| Work task |
Below are entries with pictures in them. Output exactly the lines starting at the line with "M135 xDrive Msport Pro Premium Package" and ending at the line with "WC (Water Closet), Mouse-Off White", both included, but not the pictures.

| Provided data |
Content starts

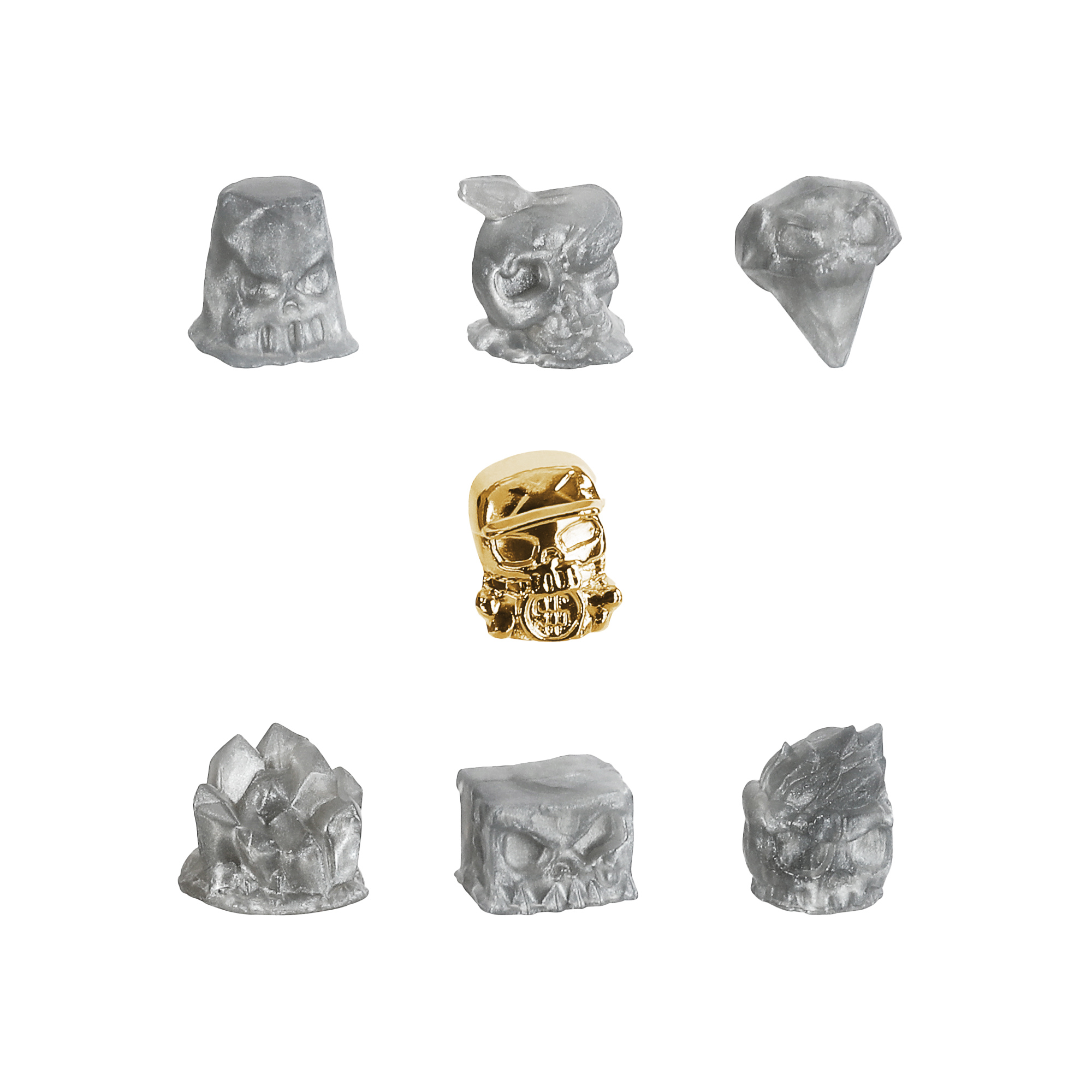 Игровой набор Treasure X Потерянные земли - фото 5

Content ends
Content starts

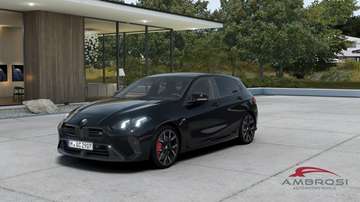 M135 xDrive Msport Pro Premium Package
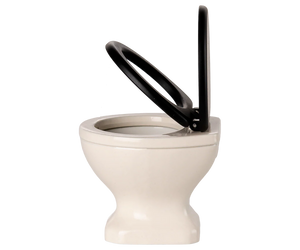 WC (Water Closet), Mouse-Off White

Content ends

| Solution |
 M135 xDrive Msport Pro Premium Package
 WC (Water Closet), Mouse-Off White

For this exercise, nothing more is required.